Why is that as a parent when we have a “human” moment, we feel like failures? The guilt complex is such a huge component of our journeys as parents. But Why? When did the thought that because we are parents we are now supposed to also become superheros? Super Moms?
This is the perfect example. I’m supposed to be ALL these things?! I’m not!!!
Em had surgery on Wednesday to remove her tonsils and adenoids. She was pretty pitiful at first…
But pitiful didn’t last.
She’s been what I like to call “honeymooning”. They pumped her full of steroids during the procedure so she feels invisible. She’s outright CRAZY. Literally bouncing off the walls, insatiable hunger (with limited food options), extremely emotional, and feeling like this surgery was a piece of cake.
The “honeymoon” is sure to end soon. In fact, sometime in the next 24 hours the steroids are said to wear off and the real “FUN” will begin.

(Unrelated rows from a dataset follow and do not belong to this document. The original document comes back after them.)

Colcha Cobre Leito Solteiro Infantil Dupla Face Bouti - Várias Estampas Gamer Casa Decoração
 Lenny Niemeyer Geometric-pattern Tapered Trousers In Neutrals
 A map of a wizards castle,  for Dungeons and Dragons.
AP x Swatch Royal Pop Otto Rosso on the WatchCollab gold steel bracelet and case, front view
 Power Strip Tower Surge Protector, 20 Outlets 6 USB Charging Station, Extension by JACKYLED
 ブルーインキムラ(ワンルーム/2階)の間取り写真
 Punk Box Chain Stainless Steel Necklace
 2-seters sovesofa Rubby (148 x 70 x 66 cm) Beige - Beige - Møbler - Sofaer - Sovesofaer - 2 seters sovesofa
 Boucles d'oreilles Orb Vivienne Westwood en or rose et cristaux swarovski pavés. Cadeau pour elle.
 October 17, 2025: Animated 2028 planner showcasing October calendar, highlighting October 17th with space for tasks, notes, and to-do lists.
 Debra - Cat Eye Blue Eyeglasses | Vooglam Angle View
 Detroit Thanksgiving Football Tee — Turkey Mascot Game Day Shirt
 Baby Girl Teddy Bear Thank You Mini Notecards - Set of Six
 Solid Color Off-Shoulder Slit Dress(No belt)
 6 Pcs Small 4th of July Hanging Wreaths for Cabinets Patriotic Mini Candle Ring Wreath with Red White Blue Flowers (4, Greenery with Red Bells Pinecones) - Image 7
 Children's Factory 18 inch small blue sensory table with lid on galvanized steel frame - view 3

But while she’s “honeymooning” I’m doing everything I can to keep my patience. I’m reduced to tears feeling like I’m not a “good enough” Mom because I’m annoyed and inpatient with her antics. I’m resentful that my husband “gets to” leave and go to work while the baby and I deal with the crazy one. Even the baby is ready for the “honeymoon” to end. Several times I found him off playing in other areas of the house by himself, HIDING from his sister.
These aren’t the traits I’m supposed to have when dealing with my children! My kids are the biggest blessing to my life, they’re all I ever wanted…I wanted to be a Mom more than anything and now I’m not doing it well enough?! Shame on me!
But shame on me for feeling guilt when this is hard stuff!!! No one ever said it was supposed to be easy, no one ever said you can’t have bad days, or that you have to enjoy every second.
But I think the key is to forget the bad moments, to forget the guilt that we as parents feel far to much of, and move forward. To get up every day with a smile and hug our babies.
Because it won’t be like this for long.